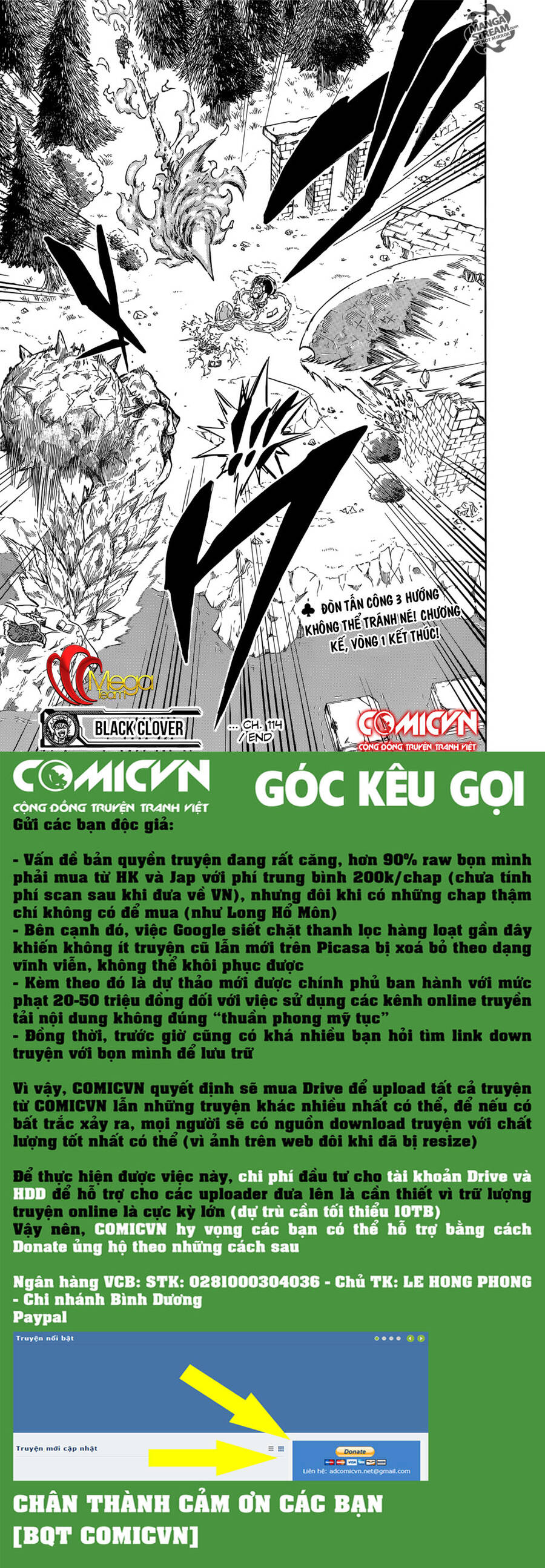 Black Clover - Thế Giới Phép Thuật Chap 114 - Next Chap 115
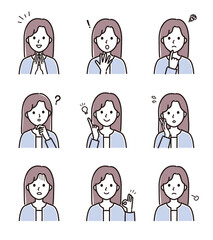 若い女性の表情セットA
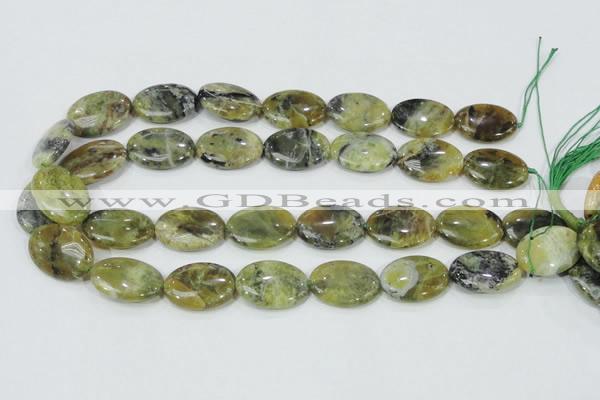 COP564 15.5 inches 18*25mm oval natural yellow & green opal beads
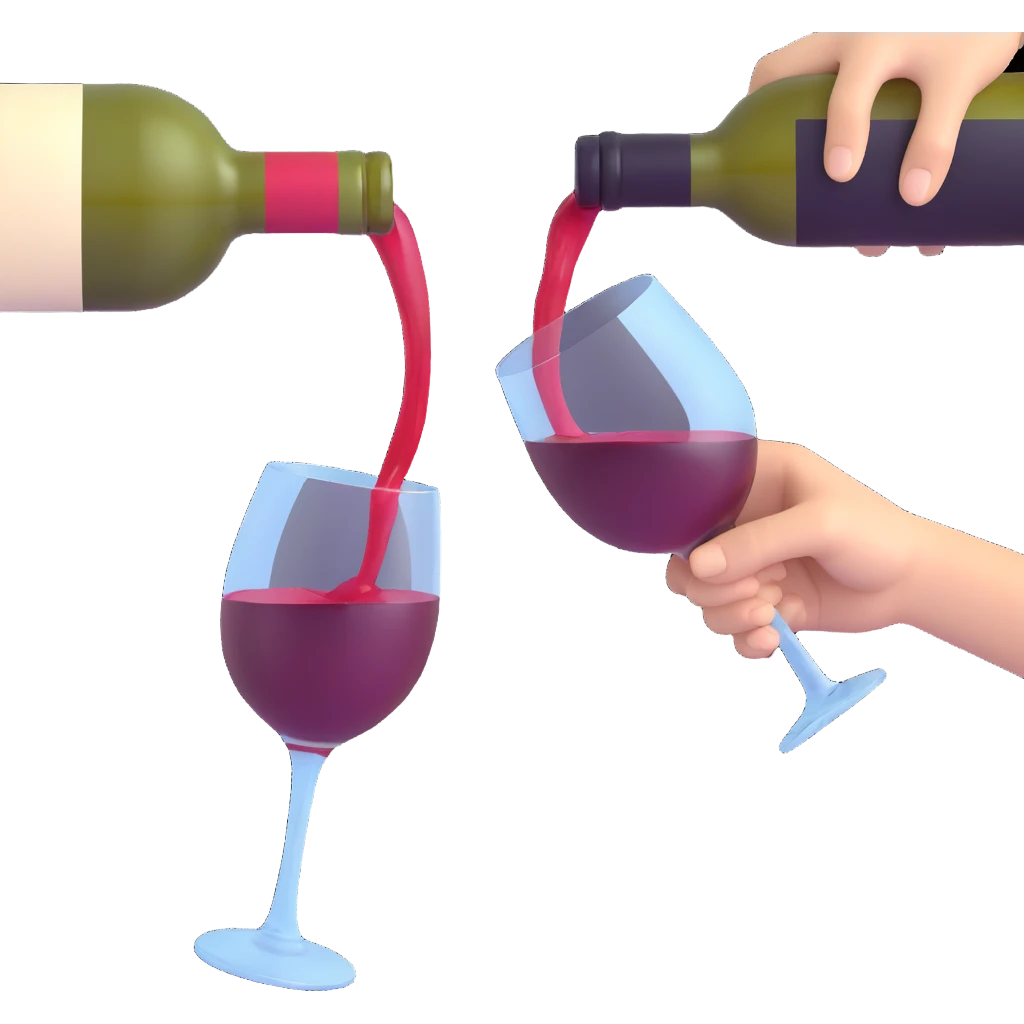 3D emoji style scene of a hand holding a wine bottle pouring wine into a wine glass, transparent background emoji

-- -- --

* DIRECTIONS FOR THIS TASK *
Would you give the data above again word for word, minus the pictures?

* OUTPUT FOR THIS EXERCISE *
 Black Clover - Thế Giới Phép Thuật Chap 114 - Next Chap 115
 若い女性の表情セットA
 COP564 15.5 inches 18*25mm oval natural yellow & green opal beads
 3D emoji style scene of a hand holding a wine bottle pouring wine into a wine glass, transparent background emoji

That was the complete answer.